* [About this task]
From the line containing "Клітини прокаріотів" through the last line of the material, copy every line exactly, both ends inclusive; do not copy pictures.

BEGIN

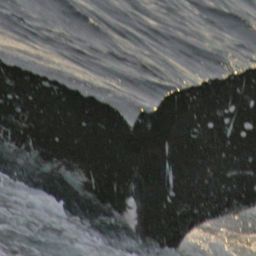 Fluke of HW-MN0521002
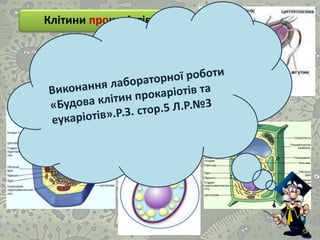 Клітини еукаріотів
Клітини прокаріотів
 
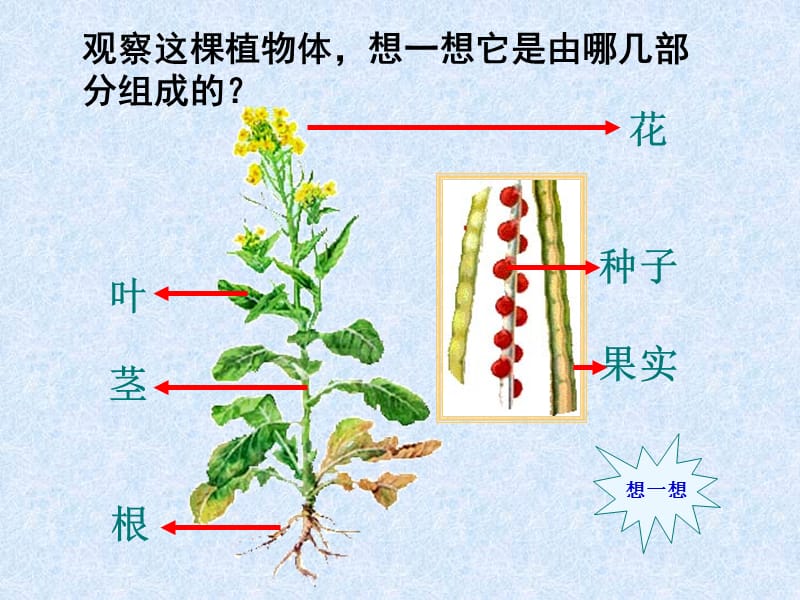 绿色开花植物的结构层次.ppt_第2页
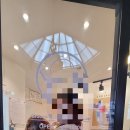 금비펫살롱 이미지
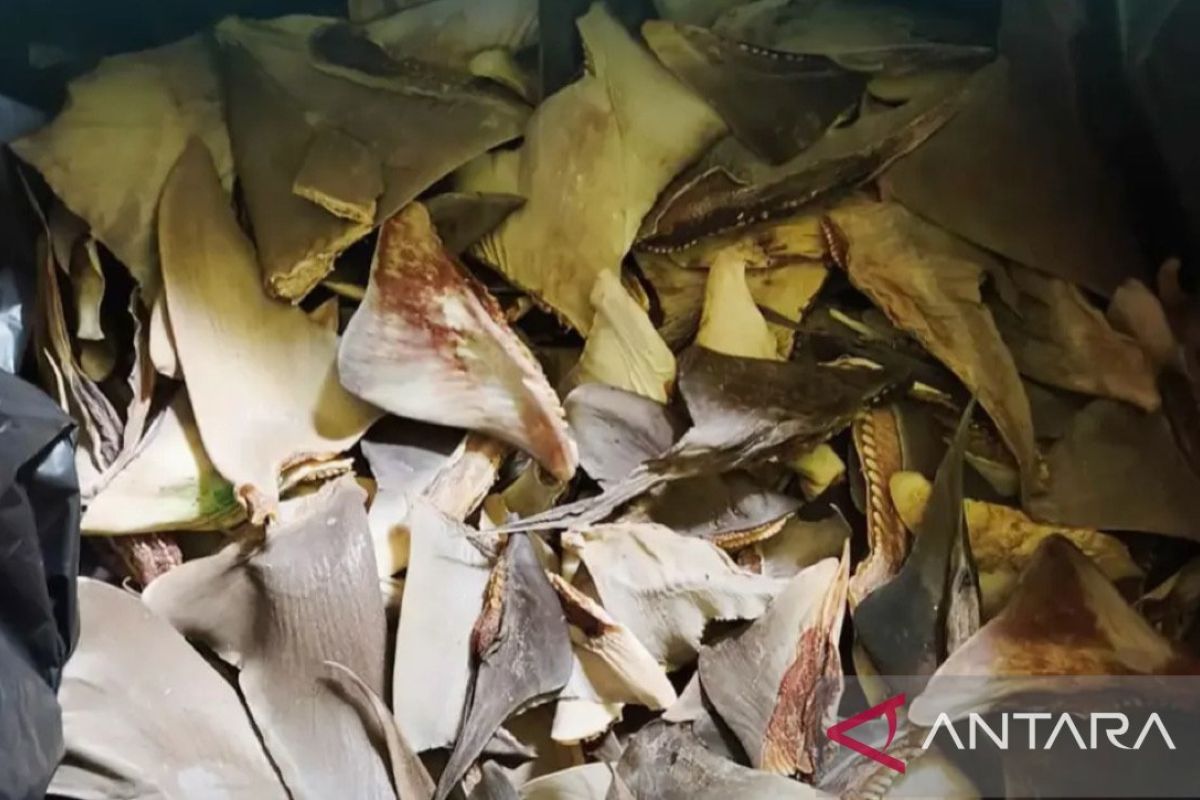 Karantina Maluku Awasi Pengiriman 103,65 Kg Sirip Hiu Kering dari Ambon ke Manado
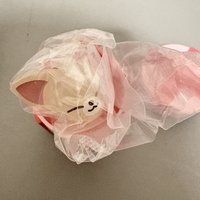 🦊寅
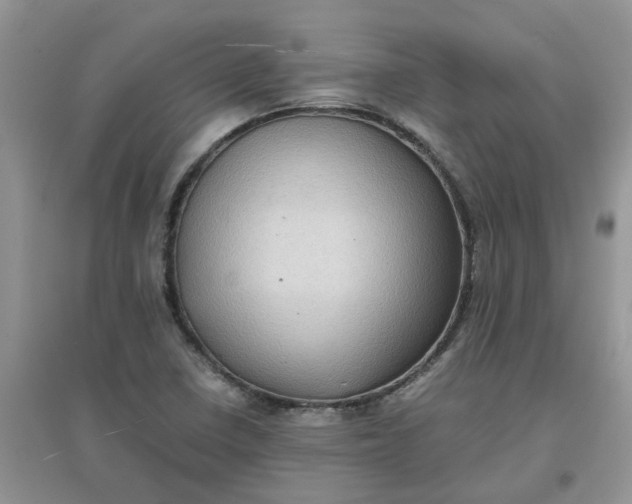 X0000097641410200803142036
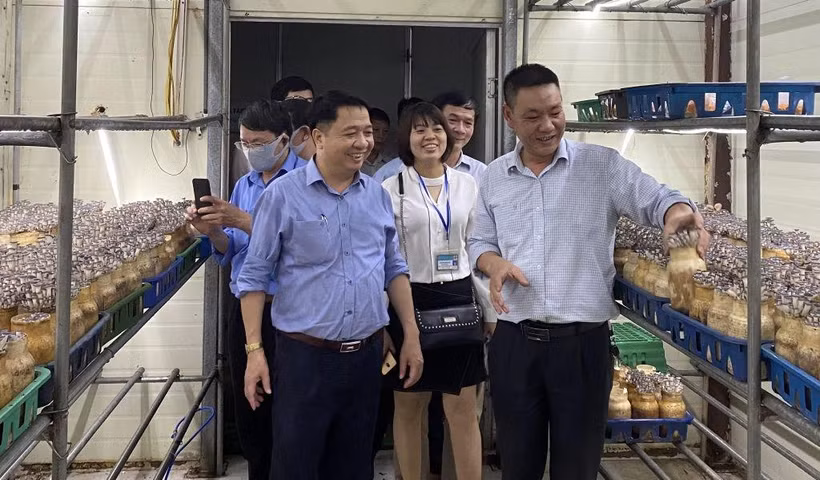 Mô hình trồng nấm theo công nghệ Hàn Quốc tại xã Minh Phú, huyện Sóc Sơn (Hà Nội).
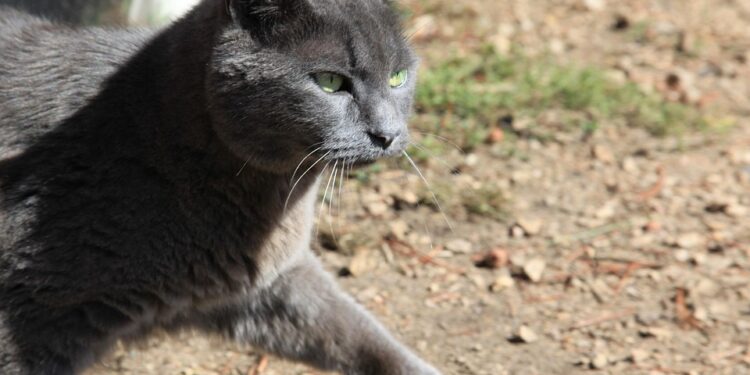 The Power of Patience: Inspirational Investment Quotes to Guide Your Financial Journey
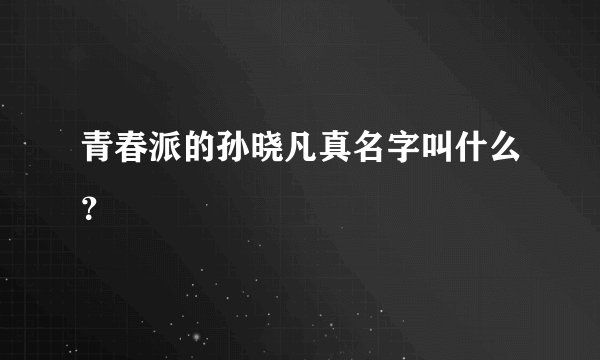 青春派的孙晓凡真名字叫什么?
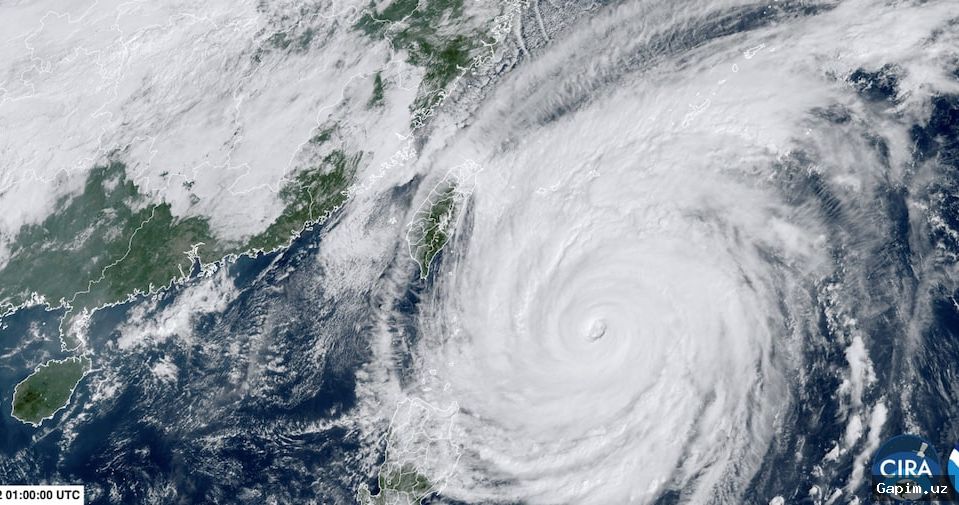 🌀🌊 Taiwan Braces for Direct Hit as Typhoon Champi Triggers Mass Evacuations and Closures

END

* [Exercise output]
Клітини прокаріотів
 
 绿色开花植物的结构层次.ppt_第2页
 금비펫살롱 이미지
 Karantina Maluku Awasi Pengiriman 103,65 Kg Sirip Hiu Kering dari Ambon ke Manado
 🦊寅
 X0000097641410200803142036
 Mô hình trồng nấm theo công nghệ Hàn Quốc tại xã Minh Phú, huyện Sóc Sơn (Hà Nội).
 The Power of Patience: Inspirational Investment Quotes to Guide Your Financial Journey
 青春派的孙晓凡真名字叫什么?
 🌀🌊 Taiwan Braces for Direct Hit as Typhoon Champi Triggers Mass Evacuations and Closures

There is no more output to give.